Your objective
Beginning with the line that holds "Deny Designs Melon" and ending with the last line of the entries, please output each line exactly, apart from any pictures.

Input data
· · · · · · ·

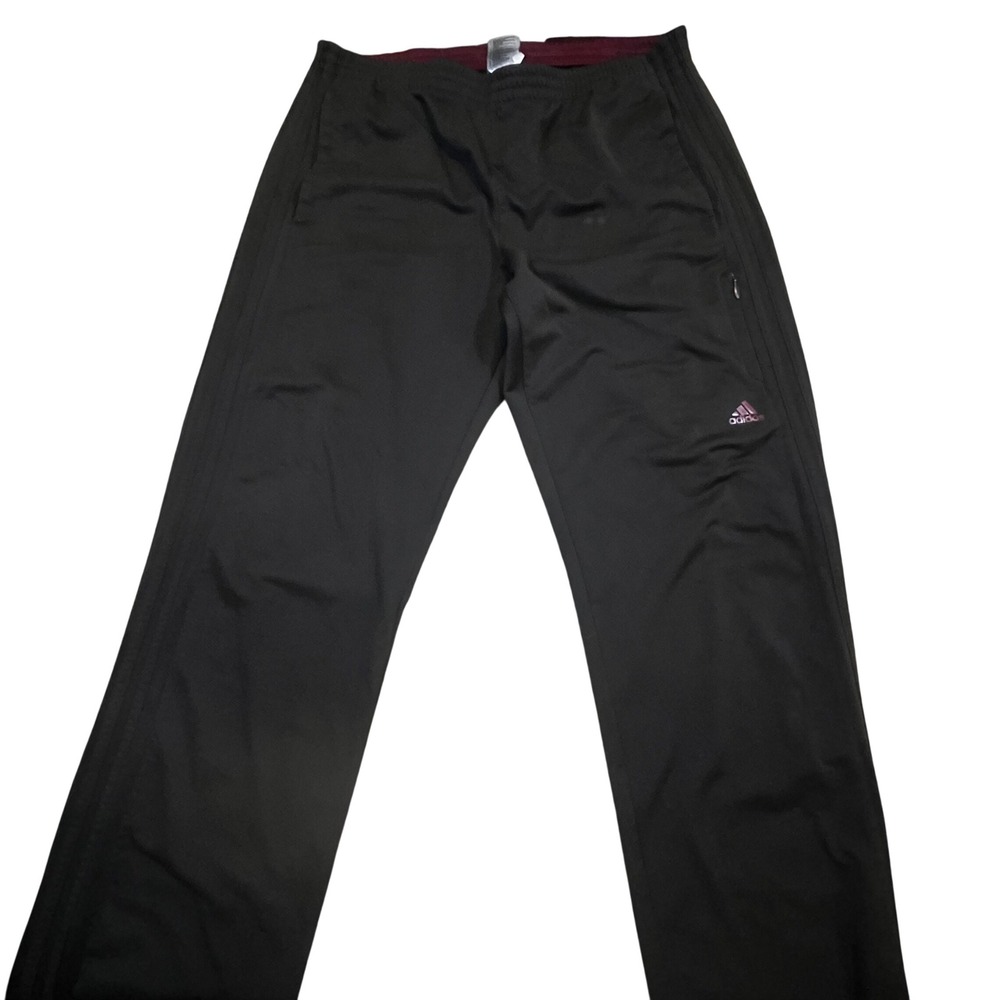 Adidas Mens Track Pants XL Black Iridescent‎ Pink Logo 3-Stripe Zipper Pockets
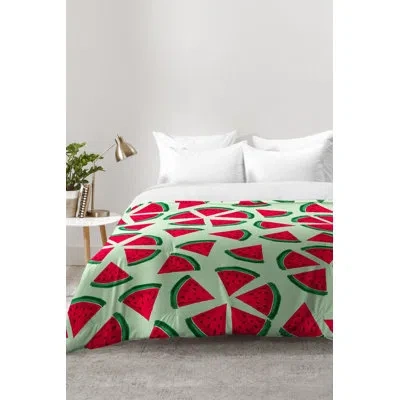 Deny Designs Melon Choly Fruit Salad Comforter Set In Red,green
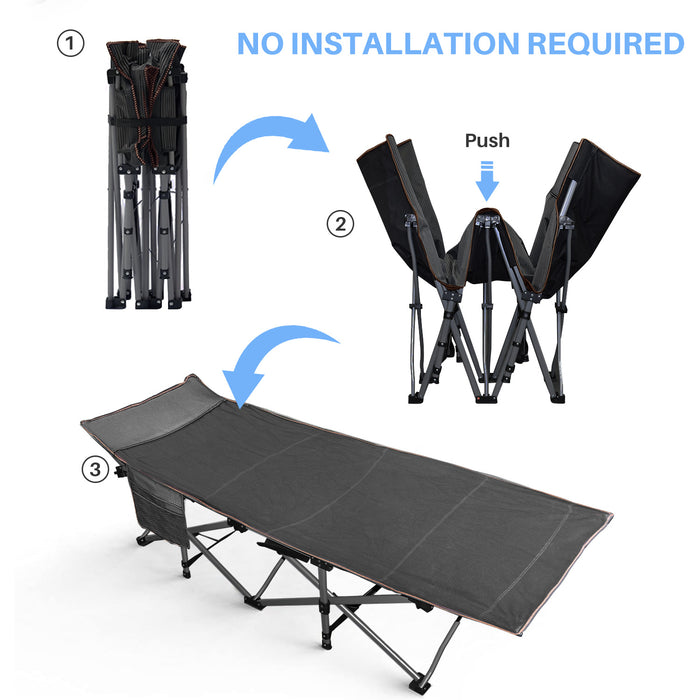 Bigleap Camping Cot, Folding Camping Cot Heavy Duty Sleeping Bed with Pilllow for Home Office Travel, Camping, Red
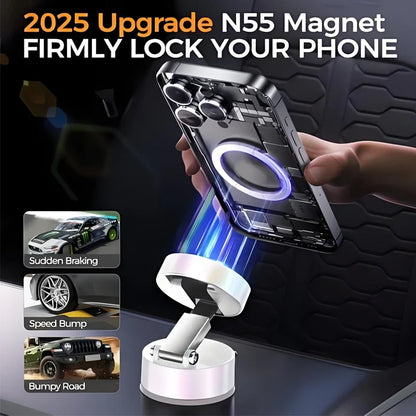 Ultra Magnetic Foldable Car Phone Mount – 360° Rotation Dashboard Holder with Vacuum Suction Cup & GPS Stand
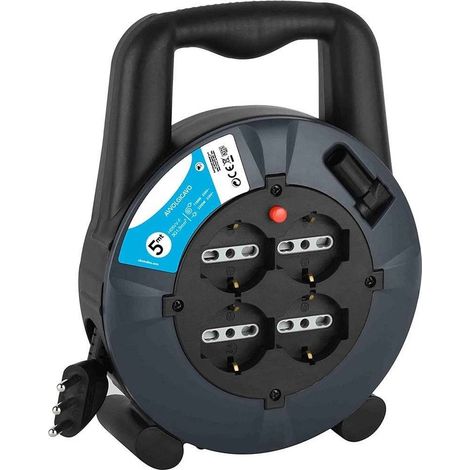 TrAdE Shop Traesio - Prolunga Elettrica Cavo 5 Mt Avvolgicavo 4 Prese Schuko Polivalenti Spina 16a - (1/3)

· · · · · · ·

Result of the task
 Deny Designs Melon Choly Fruit Salad Comforter Set In Red,green
 Bigleap Camping Cot, Folding Camping Cot Heavy Duty Sleeping Bed with Pilllow for Home Office Travel, Camping, Red
 Ultra Magnetic Foldable Car Phone Mount – 360° Rotation Dashboard Holder with Vacuum Suction Cup & GPS Stand
 TrAdE Shop Traesio - Prolunga Elettrica Cavo 5 Mt Avvolgicavo 4 Prese Schuko Polivalenti Spina 16a - (1/3)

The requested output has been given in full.